The Biopipe framework [31] describes a framework for protocol-based bioinformatics. The protocols are developed with the goal of creating reproducibility of results from computational analyses. This idea complements Pegasys quite well and we envisage using Pegasys to encode protocols by creating workflow standards generated from the Pegasys GUI for specific types of analyses (e.g. genome annotation or mass spectrometry peptide fragment identification) that we can distribute to the Pegasys user community. This will facilitate cross-comparison of results from similar bioinformatics experiments performed on data sources in different research labs, or by colleagues working in the same lab. In addition, Pegasys can be used to compare results of different protocols designed to address similar scientific problems.

Future directions

The work described in this paper has led us to consider many new challenges for future work on Pegasys. While the specifications, the data model and the software are mature enough to be used in a research setting, there remain many features and enhancements to the system that we are implementing in on-going work. We are adding new modules to Pegasys for distribution to the community. We are implementing Pegasys modules for the Infernal package that is driving the Rfam repository of families of functional RNAs [34]. Our genome annotation work to date has focused largely on eukaryotic systems, and we have therefore devoted most of our development time to applications tuned for eukaryotic animal analysis.
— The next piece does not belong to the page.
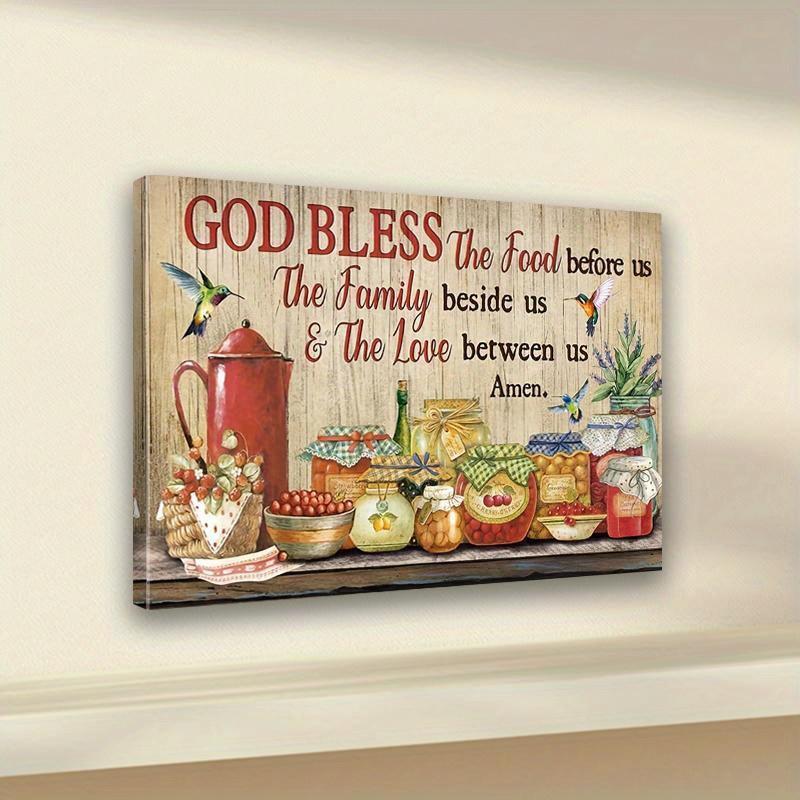 Framed Canvas Wall Art - God Bless the Food Family & Love Inspirational Print with Hummingbirds, Rustic Kitchen Decor for Dining Room, Home Office, Living Room - Classic Art Deco Framed Canvas Artwork, Large Canvas Wall Art, Office Artwork,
We are adding modules for prokaryotic analysis (e.g. Glimmer [35, 36]) and plants (Eugene [37]) to complement the current tools in Pegasys.

From a software perspective, we hope to make Pegasys inter-operable and compliant with additional existing Open Source bioinformatics standards and specifications, namely BioSQL and Chado to allow data computed with Pegasys to be used in other systems that employ and interact with these specifications.

Conclusions

We have created a robust, modular, flexible software system for the execution and integration of heterogeneous biological sequence analyses. Pegasys can execute and integrate results from ab initio gene prediction, pair-wise and multiple sequence alignments, RNA gene detection and masking of repetitive sequences to greatly enhance and automate several levels of the biological sequence analysis process. The GUI allows users to create workflows of analyses by dragging and dropping icons on a canvas and joining processes together by connecting them with graphical 'edges'. Each analysis is highly configurable and users are presented with the option to change all parameters that are supported by the underlying program. Data integration is facilitated through the creation of a data model to represent computational evidence which is in turn implemented in a robust backend relational database management system. The database API provides programmatic access to the results through high-level methods that implement SQL queries on the data. The Pegasys system is currently driving numerous diverse sequence analysis projects and can be easily configured for others.

Implemented in Java, the backend of Pegasys is inter-operable with a growing number of bioinformatics tools developed in Java. Pegasys can output text files in standard formats that can then be imported into other tools for subsequent analysis or viewing. We are continually adding to Pegasys through the development of additional modules and methods of data integration. The flexibility, customization, modularity and data integration capabilities of Pegasys make it an attractive system to use in any high throughput sequence analysis endeavour. We are releasing the source code of Pegasys under the GNU General Public License with the hope that the bioinformatics community worldwide will make use of our efforts and in turn contribute improvements in the spirit of Open Source.

Availability and requirements

Pegasys is available at http://bioinformatics.ubc.ca/pegasys/ and is distributed under the GNU General Public License. Pegasys is designed to run on Unix based systems. Please consult the user manual (available with the distribution) for detailed installation and configuration instructions. The Pegasys server is written in Java and has the following dependencies: Java 1.3.1 or higher, PostgreSQL 7.3.*, JDBC driver for PostgreSQL 7.3.* and BioJava 1.2*. We have tested Pegasys on a distributed memory cluster (recommended) running OpenPBS 2.3.16 to administer the job scheduling. In theory an SMP system running OpenPBS should work, but this has not been tested. The system's analysis programs include the following: NCBI BLAST 2.2.3, WU BLAST 2.0, EMBOSS 2.7.1 (for Smith-Waterman implementation only), tRNAscan-SE 1.23, the LAGAN toolkit 1.2, Sim4, Genscan 1.0, HMMgene 1.1, MaskerAid (2001-11-08) and GeneSplicer. All of the analysis tools are freely available to academics. For details please consult the Pegasys manual available with the distribution. The server has successfully been deployed and tested on a 28 CPU Linux cluster running RedHat 7.3.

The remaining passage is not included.